Interferometric synthetic aperture radar (IFSAR, also abbreviated as InSAR) is a specialized radar technique for using phase interferometer methods between two spatially displaced high resolution (complex) SAR images to generate high quality terrain elevation maps called digital elevation maps (DEMs). The high spatial resolution of IFSAR imagery enables independent measurements of terrain elevation on a dense grid of sample points on the order of several decimeters to several 10s of meters. Furthermore, the use of active microwave radar as the sensor of choice inherently provides a (nearly) all-weather, day/night capability to generate orthorectified magnitude imagery and DEMs.
SAR systems use antennas that are designed to transmit and receive electromagnetic waves over a particular band and of specific polarization(s). It is well known that interactions between the incident transmitted wave and illuminated ground objects, the backscattered (reflected) wave can change the polarization of the scattered wave to be different from the polarization of the incident wave. Therefore, the radar antennas are often designed to simultaneously receive the different polarization components of the EM wave. For example, SAR antennas are frequently designed to generate electromagnetic waves with both horizontal (H) and vertical (V) linear polarizations. While only one polarization is transmitted from a single antenna at any given time both the H and V parts of the antenna(s) can receive the H and V components of the backscattered signal (the system electronics keep these signals separate). An exemplary collection platform for permitting single-pass full polarimetric SAR data is disclosed in the article entitled “Updating GeoSAR for full-Interferometric Capability,” IEEE Radarcon09 978-1-4244-2871, Jul. 9, 2012, which is incorporated herein in its entirety for its teaching of placement and types of sensors installed on an aircraft for such collection.
Single-pass, full-polarimetric (or “full-pol”) interferometry requires transmission and reception from two antennas in two polarizations. Transmission/reception diagrams are used to designate how the polarimetric data is acquired. FIG. 1 diagrams the possibilities. The circle (node) corresponds to an antenna, e.g., H1 corresponds to horizontal polarization for antenna-1, V2 corresponds to vertical polarization for antenna-2. The arcs connecting the nodes correspond to backscattered transmitted energy, the tail being the transmitting antenna, and the head being the receiving antenna. In general, the backscattered energy from each transmitted pulse can be received by each of the four antennas, therefore if all antennas are used (sequentially) for transmission and all antennas are used (simultaneously) for reception, then a maximum of 16 raw data channels are available for recording and image formation.
If the same-side antenna is used for both transmit (TX) and receive (RX), then the antenna index is dropped, since its physical location is specified. For example, for signals emanating from/to the same antenna, these shortened identifiers are frequently used, where the antenna location is understood:                HH—for horizontal transmit and horizontal receive,        VV—for vertical transmit and vertical receive,        HV—for horizontal transmit and vertical receive, and        VH—for vertical transmit and horizontal receive.        

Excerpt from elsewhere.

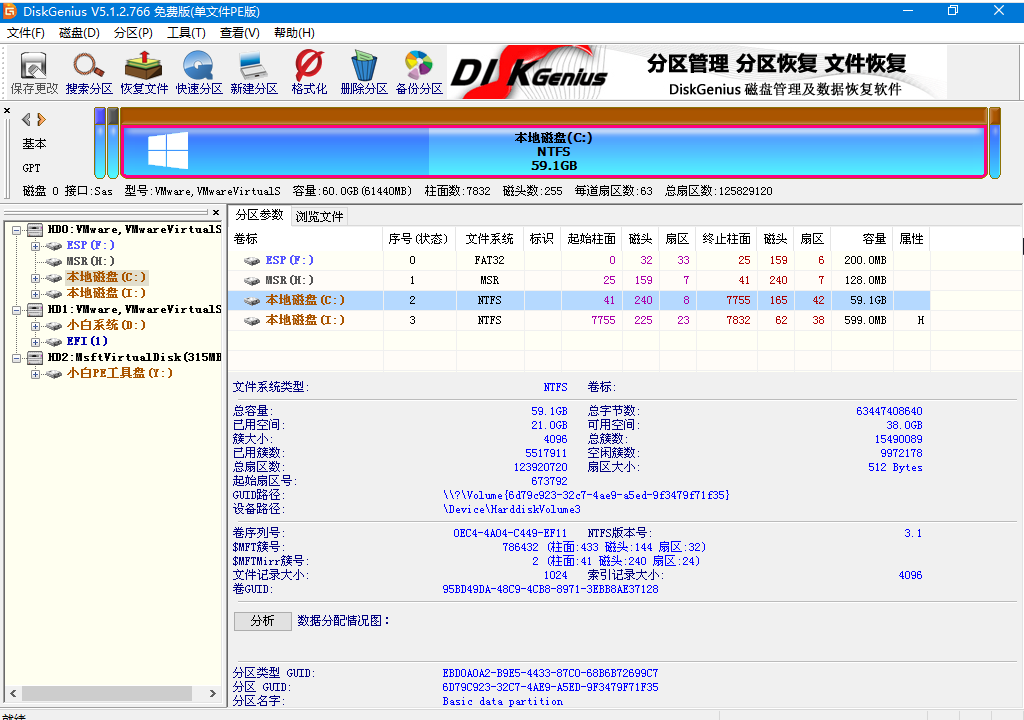 win7装完mysql odbc Win7装完找不到系统,win7装完mysql odbc Win7装完找不到系统_硬盘分区_05,第5张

When transmit and receive polarizations are the same, this is referred to as co-polarized (e.g., HH, VV); and, similarly, when the transmit and receive polarizations are the opposite this is referred to as cross-polarized (e.g., HV, VH). Cross-polarized signals are orthogonal to one another. The above discussion is based on linear polarizations, but the same principle applies if the two polarizations are right and left circularly polarized. If all the returns are acquired, circularly polarized signals mathematically can be converted to linearly polarized equivalents, and vice versa.
The ability to characterize sea ice is becoming increasingly important. The makeup of ice that covers various surfaces of the globe has been continually changing. However, the changing ice coverage and the characteristics of that ice have changed dramatically in recent years such that navigation of Polar Regions can now be accomplished. Further development of resources in these regions is also receiving additional attention.
Both environmental concerns and natural resources concerns have a great deal of interest in measuring and characterizing those regions of the earth that have some degree of ice coverage. For example, entities that are involved in the drilling and production of oil and gas in marine environments, especially those in Polar Regions, have a particular interest. In particular, when drilling and producing oil in arctic conditions, sea ice can pose a threat to both structures and personnel. Thus, the structure, thickness and location of this sea ice are critical components of the safety management plan.
Attempts using SAR and IFSAR have been made at measuring and characterizing sea ice. These have occurred using mostly satellite-based X-band systems, and to a much more limited extent, airborne systems. Further, there have been some examples of using interferometric SAR to map the top of ice through a few decimeters of dry snow. These systems can only characterize new from first-year and multiyear ice. However, such systems do not measure ice thickness.
Currently, ice thickness measurements are typically acquired by collecting profiles using low flying profiling radar systems or deploying on-ice tools, such as sled-based ground penetrating radar and drilling core samples. These systems, while very accurate, provide data coverage over very small areas.